=== DATASET CONTENT ===
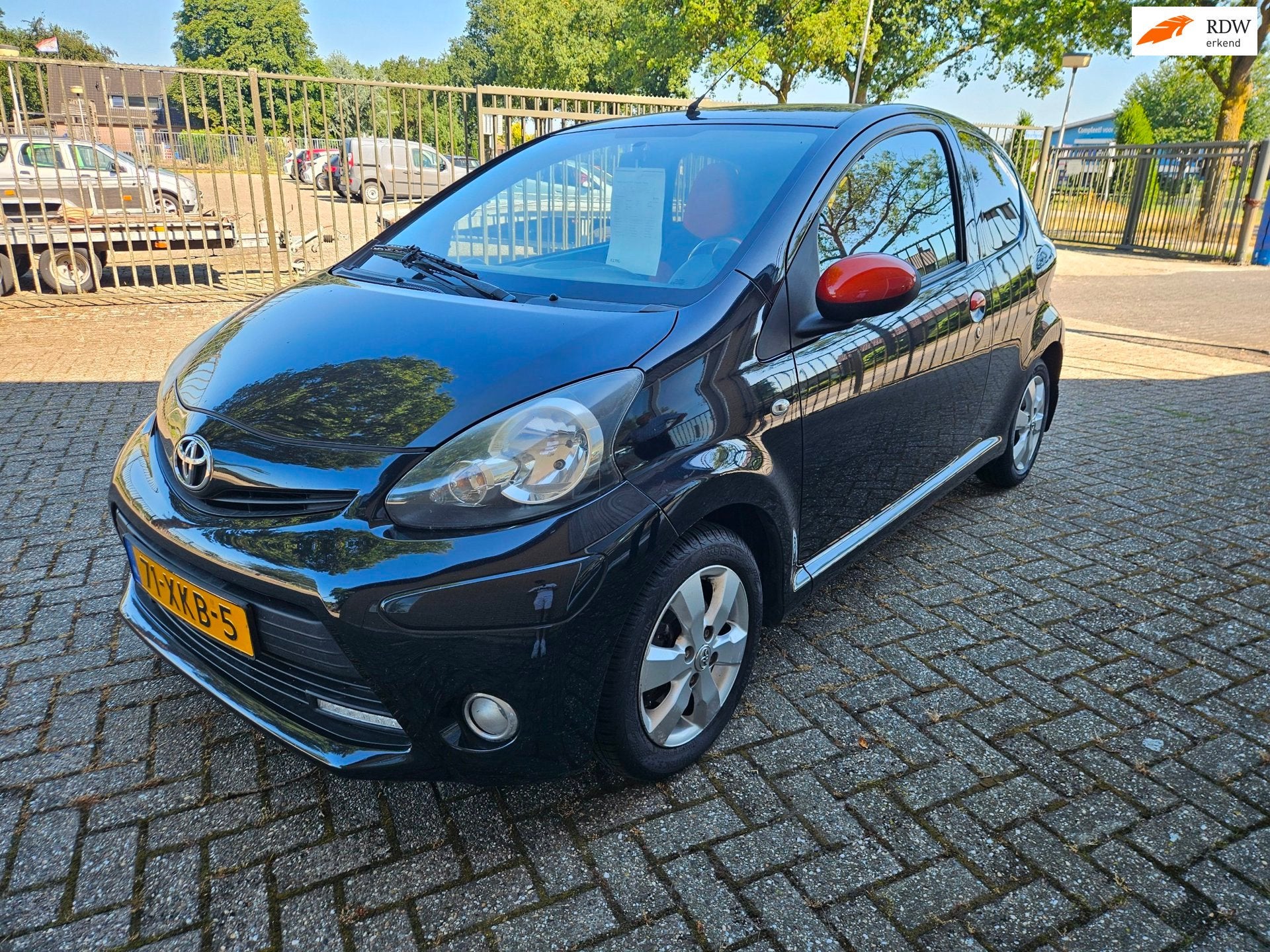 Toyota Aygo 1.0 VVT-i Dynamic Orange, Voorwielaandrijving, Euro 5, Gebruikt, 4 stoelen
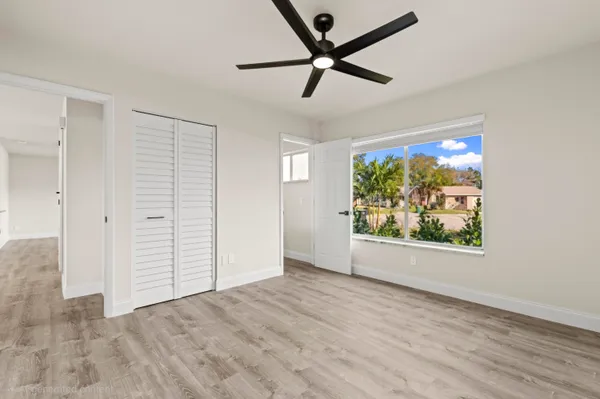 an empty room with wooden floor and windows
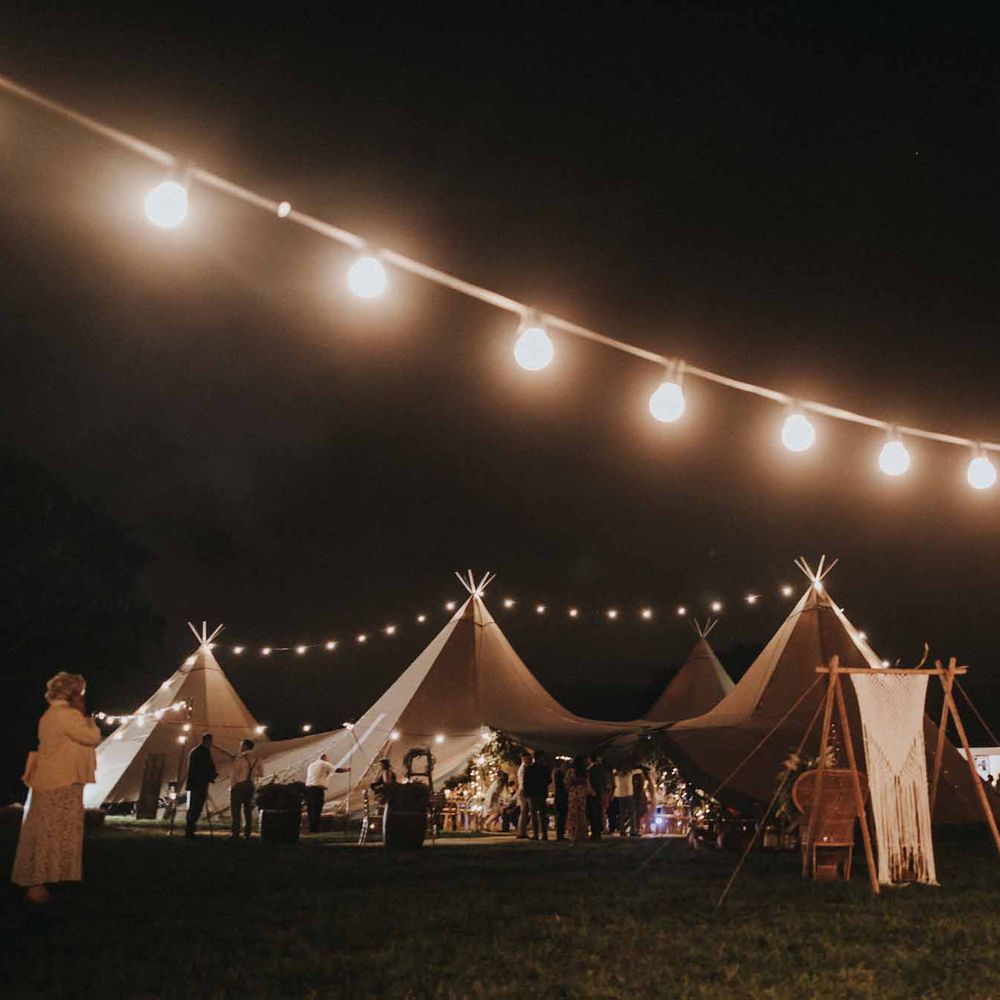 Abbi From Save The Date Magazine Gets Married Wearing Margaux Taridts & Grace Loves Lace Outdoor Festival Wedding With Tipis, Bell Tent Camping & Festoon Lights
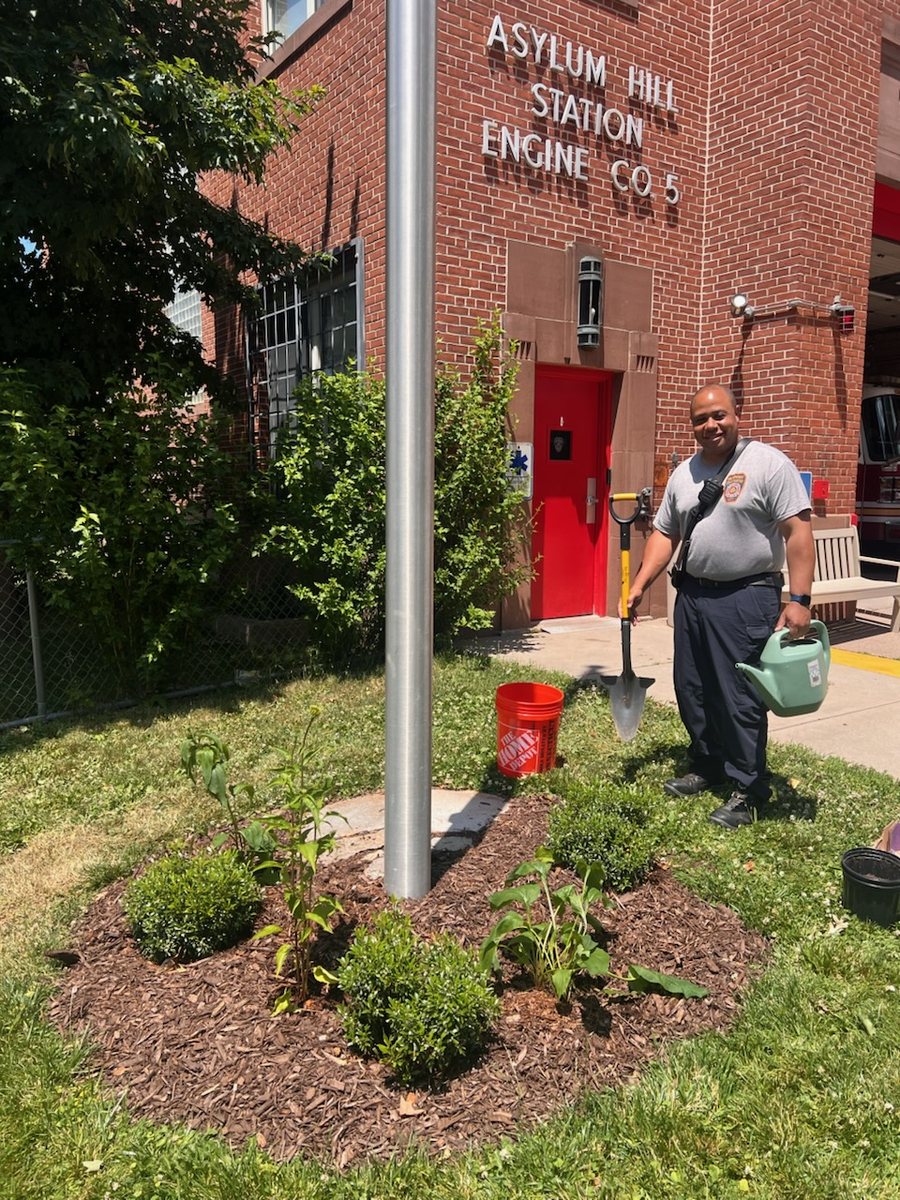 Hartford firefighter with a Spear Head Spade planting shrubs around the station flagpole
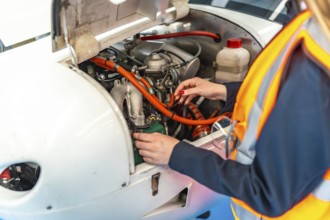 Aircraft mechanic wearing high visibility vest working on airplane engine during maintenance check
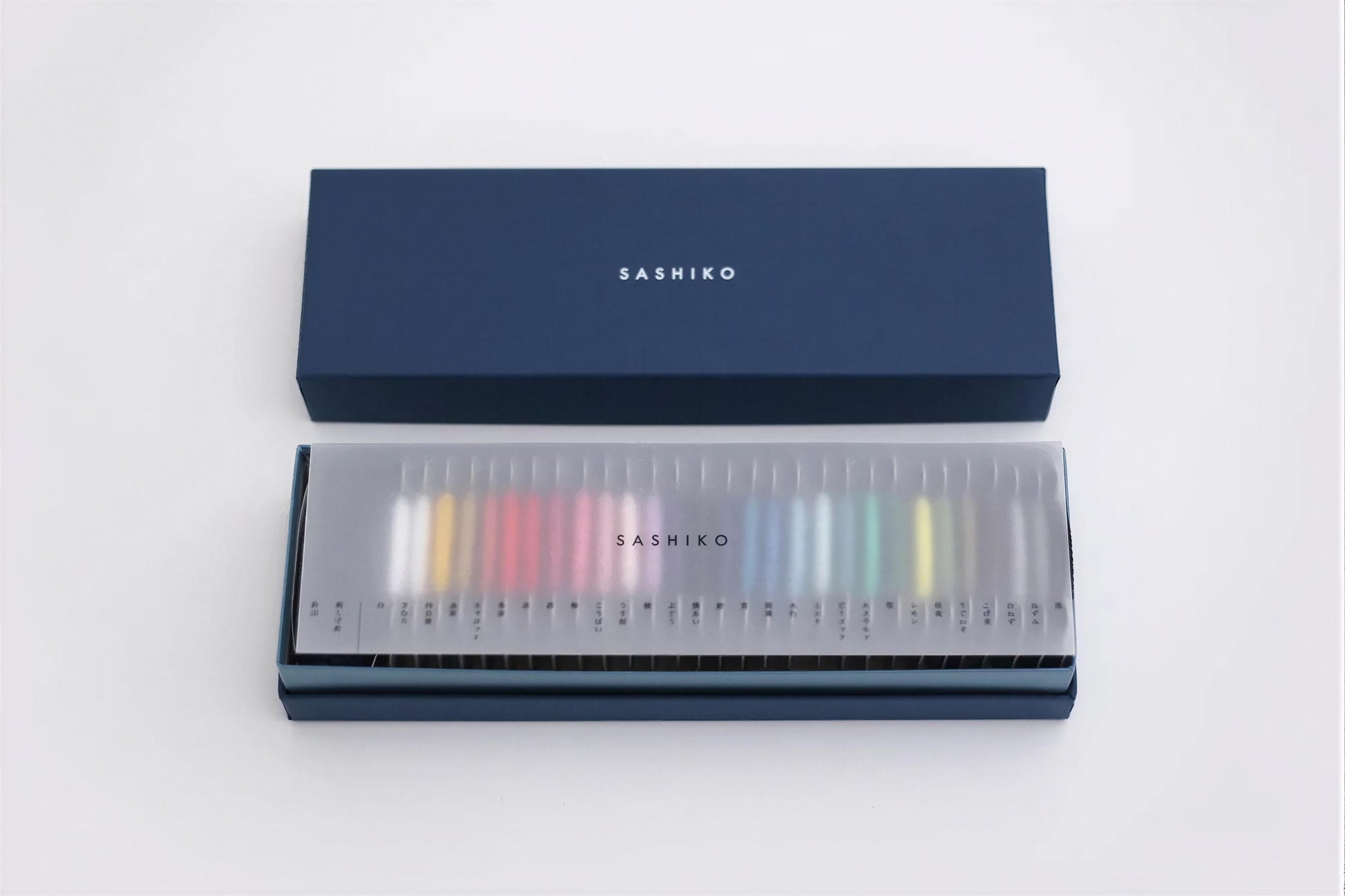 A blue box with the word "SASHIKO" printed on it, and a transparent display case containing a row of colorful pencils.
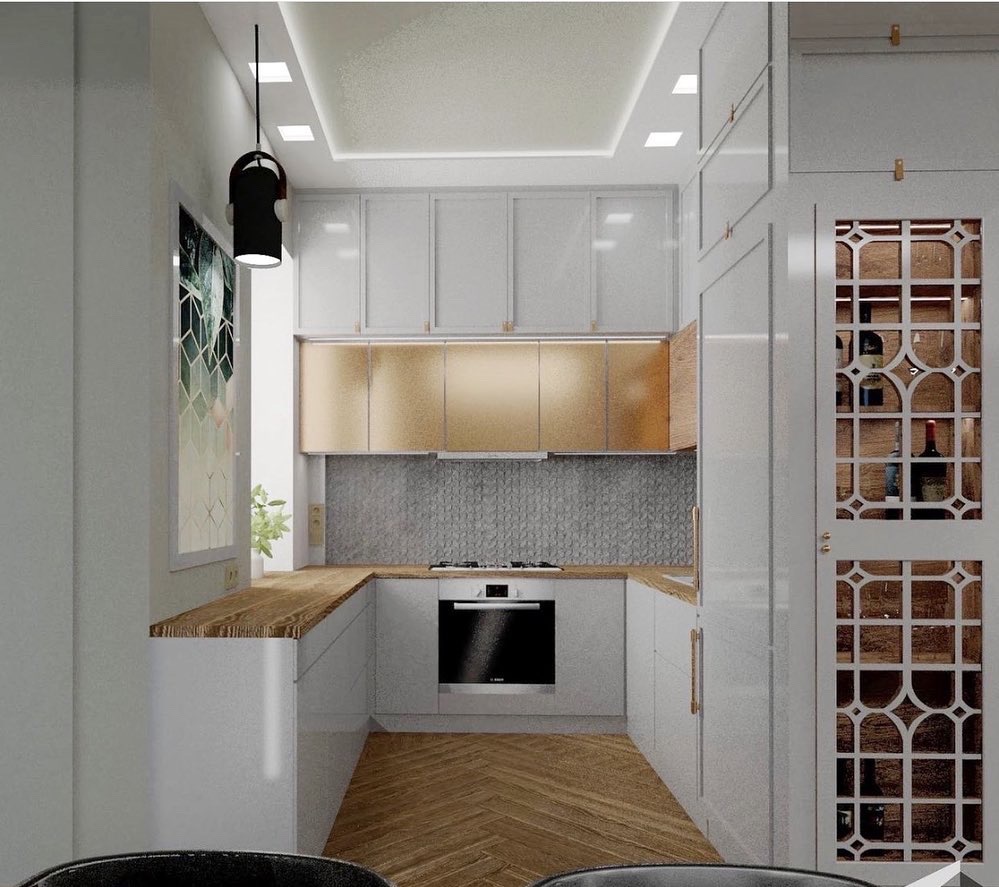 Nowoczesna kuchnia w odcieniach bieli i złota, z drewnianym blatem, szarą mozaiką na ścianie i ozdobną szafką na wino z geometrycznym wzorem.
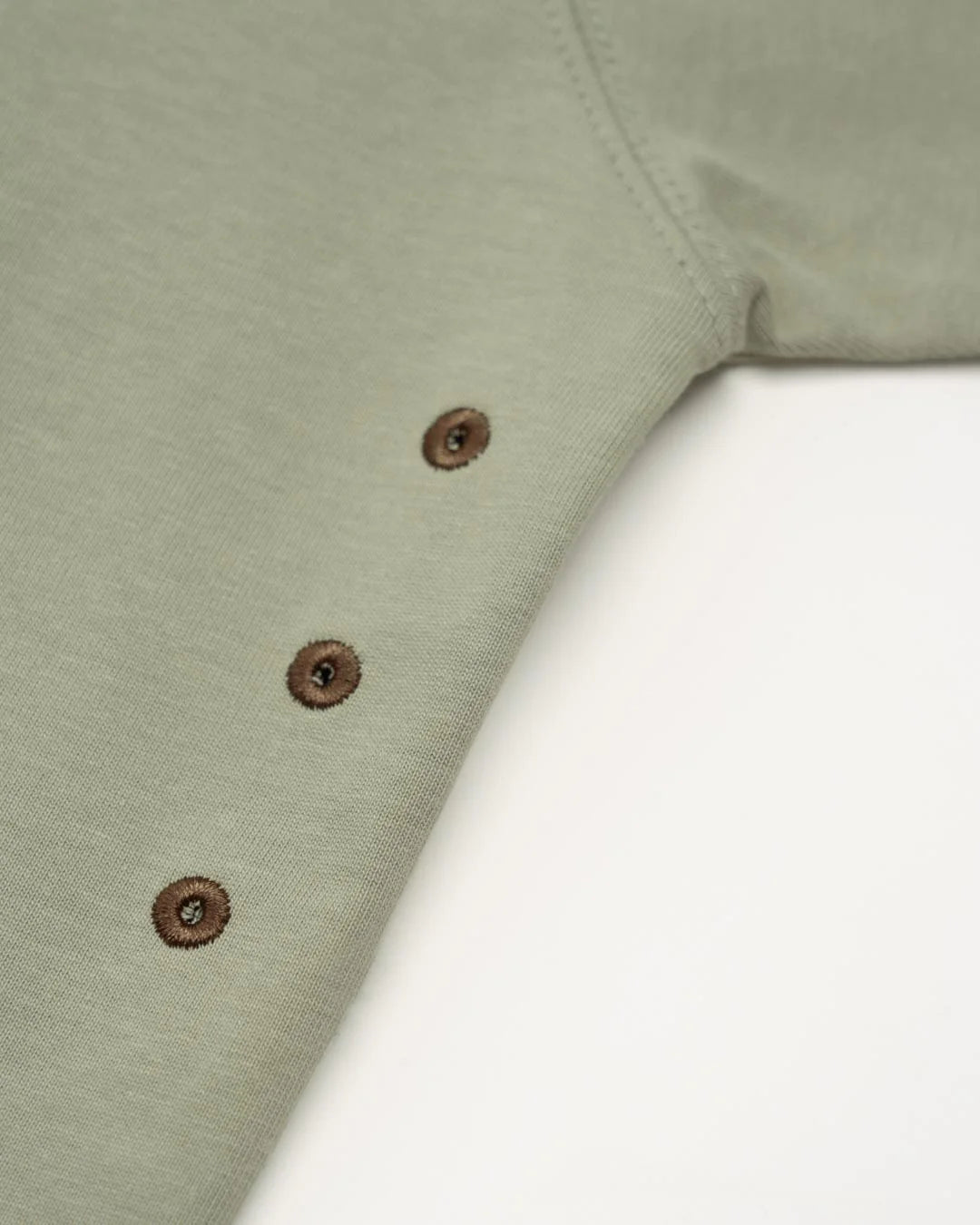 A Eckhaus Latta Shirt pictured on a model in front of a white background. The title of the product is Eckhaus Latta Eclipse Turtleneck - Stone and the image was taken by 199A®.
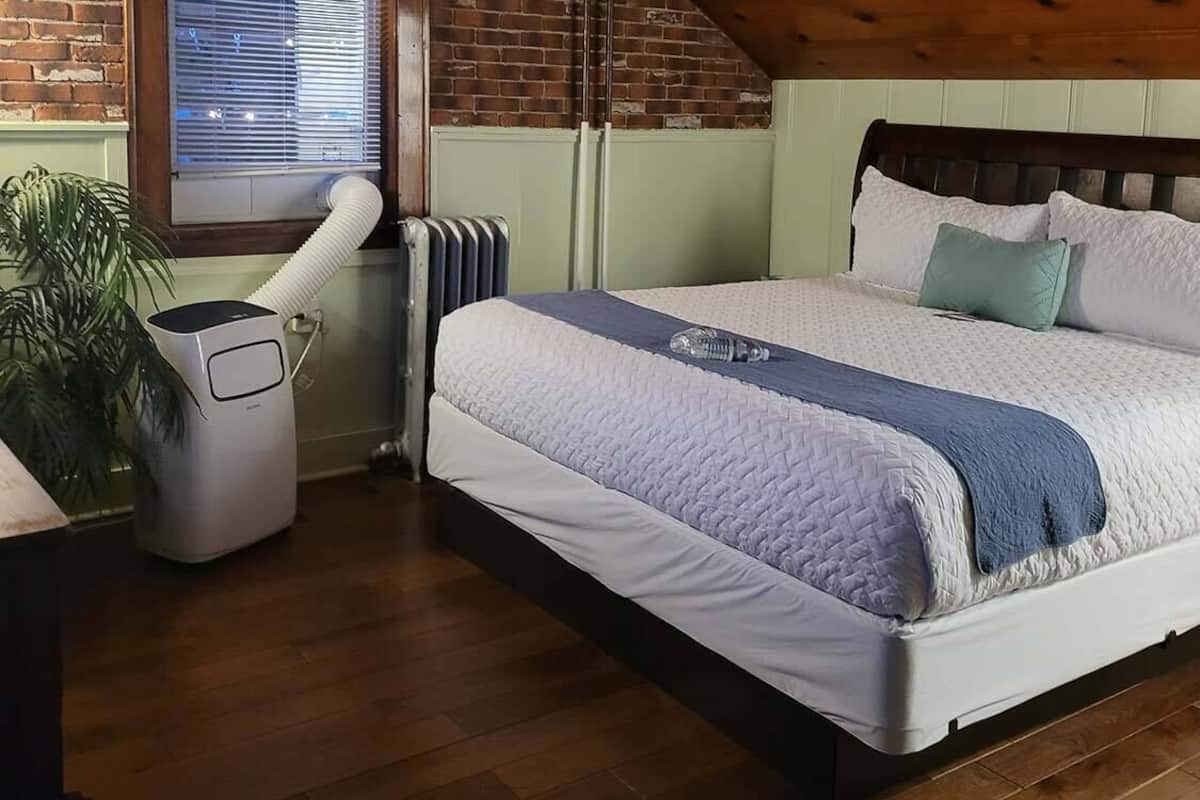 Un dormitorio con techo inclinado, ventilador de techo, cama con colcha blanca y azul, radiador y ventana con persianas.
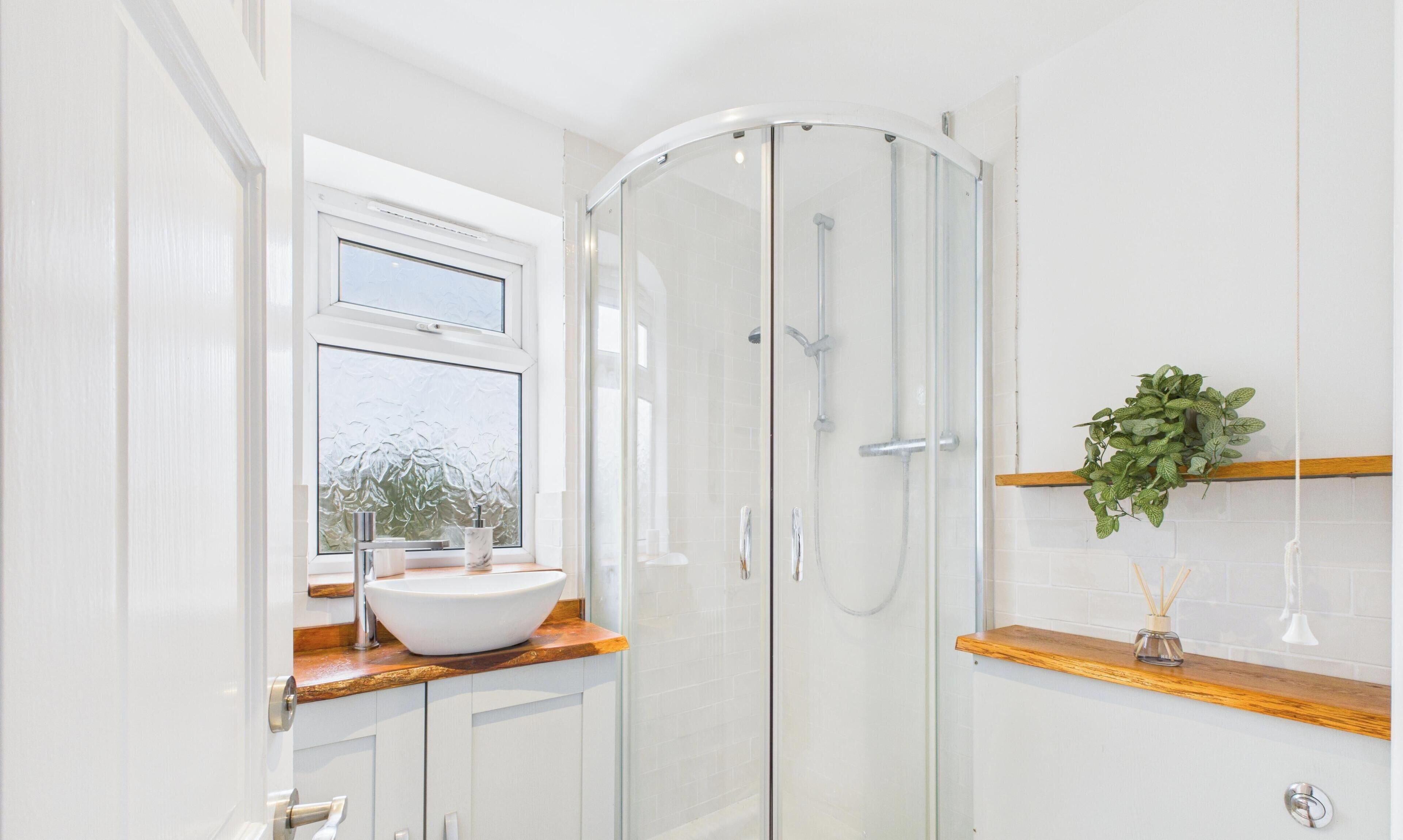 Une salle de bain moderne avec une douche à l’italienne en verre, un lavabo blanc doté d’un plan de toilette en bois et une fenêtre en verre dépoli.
===
**TASK ITEM**
Take the line that contains "Un dormitorio con" and every line after it down to the last line of the entries above, and output them exactly, with nothing else and no pictures.

**TASK RESPONSE**
 Un dormitorio con techo inclinado, ventilador de techo, cama con colcha blanca y azul, radiador y ventana con persianas.
 Une salle de bain moderne avec une douche à l’italienne en verre, un lavabo blanc doté d’un plan de toilette en bois et une fenêtre en verre dépoli.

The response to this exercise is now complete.